Style / Bonus round: accessories
Bridging the gap between the glossy ideal and the messiness of life
Beat Kicks headphone covers, ideas
Images provided by makers
“You shop like a man,” a man said to me as we stepped out of the hat store. I had tried on six royal-wedding-worthy toppers and left with two in a hat box, all in ten minutes. I had no idea what my strutting companion meant. He was older, so maybe to him “shopping like a man” meant that I was determined or efficient or willing to do anything to get out of the store quickly.
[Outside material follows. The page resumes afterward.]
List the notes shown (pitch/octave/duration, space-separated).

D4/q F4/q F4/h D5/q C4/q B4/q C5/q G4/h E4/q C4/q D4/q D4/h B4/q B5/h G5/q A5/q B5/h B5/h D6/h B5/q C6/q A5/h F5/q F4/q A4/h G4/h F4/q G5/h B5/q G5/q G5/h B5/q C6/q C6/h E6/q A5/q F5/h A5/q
But to me, it was as if I were a little kid on a rainy camping trip who suddenly got loosed into a tourist-trap candy store: I am not going to see anything so wonderful for a long, long time, so I must grab what I can.
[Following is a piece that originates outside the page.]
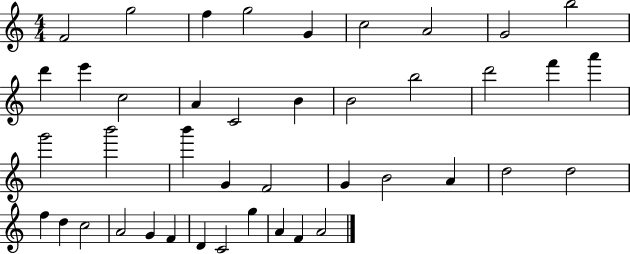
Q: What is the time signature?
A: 4/4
I cannot be the only one who has experiences like this. Do you ever walk into a store, a bakery, a car lot—whatever your passion—and hear angels sing?
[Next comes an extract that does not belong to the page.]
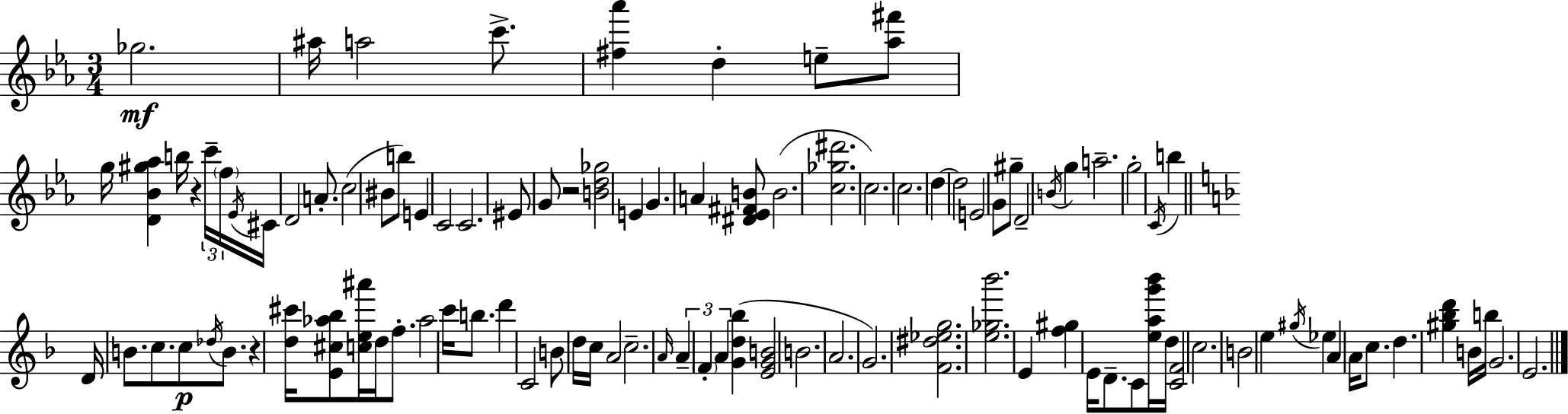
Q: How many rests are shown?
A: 3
Hats, like shoes, golf clubs, and practical bras, are difficult to buy for other people. Sometimes, they are difficult to buy for ourselves. Fit is critical, and so is confidence. There may be no other style item where getting it wrong feels so internally jarring. Did you slip the wrong tote over your shoulder? Eh, swing it around to the back. Two different shoes to a party? Who hasn’t? (Or is that seriously just me?) You had no idea that the eye shadow you borrowed from your child was designed to sprinkle glitter atop your cheeks and nose? Relax. We can all stand to sparkle a little more. But a hat will not be dismissed. Like the top of a wedding cake, it demands attention. It is a frame for the face, a crown. Fortunately, there is a fail-proof approach to buying a hat. First, try them on, all of them, whenever and wherever you get a chance. Hat expertise, like most of the important things in life, has a learning curve, and, because most of us brave the winter climes with only our vanity as insulation, we never advance out of amateur status, and we freeze. A second bit of advice: only buy the hat if, while you are under it, you smile. You have to love your hat, and it has to love you.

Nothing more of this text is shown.